A Day in Egu: Intern Post by Peter Johnson
Mr. Ibrahim is the headmaster at Egu Primary School. Mr. Rafael, a teacher there, introduced me to Headmaster Ibrahim after enthusiastically inviting me to accompany him on his 5 mile commute by bicycle. I will never forget my experience in Egu.
There are ten teachers, including the headmaster, who oversee the education of over 700 students. Yet the teachers share a special energy, solidarity and optimism in the face of overwhelmingly challenging circumstances. The dirt floors and barefoot children were misleading, as they belied a high level of discipline, order, and enthusiasm for learning.
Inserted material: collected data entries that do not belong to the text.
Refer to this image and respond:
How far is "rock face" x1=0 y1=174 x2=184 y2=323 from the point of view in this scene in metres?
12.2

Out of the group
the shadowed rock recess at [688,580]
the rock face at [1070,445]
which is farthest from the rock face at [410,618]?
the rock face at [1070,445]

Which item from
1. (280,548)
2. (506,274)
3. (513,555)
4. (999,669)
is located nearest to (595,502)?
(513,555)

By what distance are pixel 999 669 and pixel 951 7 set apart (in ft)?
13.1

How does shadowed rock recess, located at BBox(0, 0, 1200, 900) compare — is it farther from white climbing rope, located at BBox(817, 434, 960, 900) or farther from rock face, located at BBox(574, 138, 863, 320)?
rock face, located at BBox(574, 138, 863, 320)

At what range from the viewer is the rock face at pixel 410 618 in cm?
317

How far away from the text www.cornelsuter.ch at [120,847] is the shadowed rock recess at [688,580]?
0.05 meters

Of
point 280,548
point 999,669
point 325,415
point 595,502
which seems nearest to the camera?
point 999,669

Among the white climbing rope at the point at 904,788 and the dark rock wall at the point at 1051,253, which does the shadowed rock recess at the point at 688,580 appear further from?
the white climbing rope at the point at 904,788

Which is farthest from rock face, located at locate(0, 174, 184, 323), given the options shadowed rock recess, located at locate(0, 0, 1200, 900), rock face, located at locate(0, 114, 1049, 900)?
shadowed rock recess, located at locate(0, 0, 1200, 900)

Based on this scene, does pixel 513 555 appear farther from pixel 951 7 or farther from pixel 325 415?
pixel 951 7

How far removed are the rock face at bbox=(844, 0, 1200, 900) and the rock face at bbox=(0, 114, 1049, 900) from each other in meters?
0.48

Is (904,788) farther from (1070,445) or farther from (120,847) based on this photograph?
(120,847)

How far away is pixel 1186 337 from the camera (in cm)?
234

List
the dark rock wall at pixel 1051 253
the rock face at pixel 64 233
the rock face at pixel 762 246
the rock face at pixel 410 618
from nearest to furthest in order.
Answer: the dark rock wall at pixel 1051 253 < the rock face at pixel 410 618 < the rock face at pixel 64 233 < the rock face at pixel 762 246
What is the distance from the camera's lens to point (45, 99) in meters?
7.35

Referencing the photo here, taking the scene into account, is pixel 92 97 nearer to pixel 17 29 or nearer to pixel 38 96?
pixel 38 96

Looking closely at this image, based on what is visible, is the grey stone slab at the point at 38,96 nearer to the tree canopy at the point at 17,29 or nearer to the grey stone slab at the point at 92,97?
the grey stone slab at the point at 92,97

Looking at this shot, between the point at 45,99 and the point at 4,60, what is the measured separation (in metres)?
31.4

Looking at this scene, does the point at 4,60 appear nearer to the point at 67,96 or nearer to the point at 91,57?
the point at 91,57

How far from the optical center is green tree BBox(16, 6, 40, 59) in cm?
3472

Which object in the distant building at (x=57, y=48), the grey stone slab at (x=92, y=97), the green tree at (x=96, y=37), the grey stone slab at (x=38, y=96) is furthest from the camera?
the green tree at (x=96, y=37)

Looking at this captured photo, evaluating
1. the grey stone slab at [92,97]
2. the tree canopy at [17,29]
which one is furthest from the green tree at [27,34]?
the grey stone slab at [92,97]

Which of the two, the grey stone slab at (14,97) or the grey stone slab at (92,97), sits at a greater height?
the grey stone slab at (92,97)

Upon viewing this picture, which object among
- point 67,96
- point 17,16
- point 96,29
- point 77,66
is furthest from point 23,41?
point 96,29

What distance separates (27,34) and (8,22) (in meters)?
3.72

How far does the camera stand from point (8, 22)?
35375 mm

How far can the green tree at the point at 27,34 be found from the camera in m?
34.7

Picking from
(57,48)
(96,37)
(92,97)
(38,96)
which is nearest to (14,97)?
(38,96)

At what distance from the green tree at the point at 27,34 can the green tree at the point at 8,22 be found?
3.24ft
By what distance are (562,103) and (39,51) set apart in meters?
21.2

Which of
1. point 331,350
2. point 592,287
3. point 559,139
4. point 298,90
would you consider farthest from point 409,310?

The headmaster and a couple of teachers sat down with me to answer my questions about how the school had been so successful at achieving the best scores in the district for the national eighth-grade exam. The teachers explained that the headmaster had been able to achieve a high level of cooperation among all participants in the school by involving all parents, teachers, and students in improvements to the school. Mr. Ibrahim did not consider himself better than the teachers and manifested that sentiment through “complete delegation,” to the teachers in the classroom. This was confirmed by other teachers outside of Mr. Ibrahim’s presence. This philosophy of involving everyone resulted in soliciting from the students the suggestion to add a kerosene light in one classroom under which they could study in the evening. Holding a parent meeting each time funds from the government arrived eliminated the suspicion of parents regarding the use of funds. And allowing teachers to share their opinions freely in staff meetings allowed for teachers to generate new ideas and to express themselves through open dialogue. The result is a feeling of unity and cooperation of schools in more developed places.
The students received my simply prepared English-classes with a shy but sincere interest to improve their English composition. Because of their shyness I was surprised that they had asked the teachers to ask me to return for another day of teaching. My day in Egu became two. What I learned in Egu will stay with me for a long time. I cannot forget the smiles on the faces of the students, the small ways the teachers demonstrated support for each other, and the unassuming, determined way that a headmaster inspired students in an understaffed school to reach for something greater.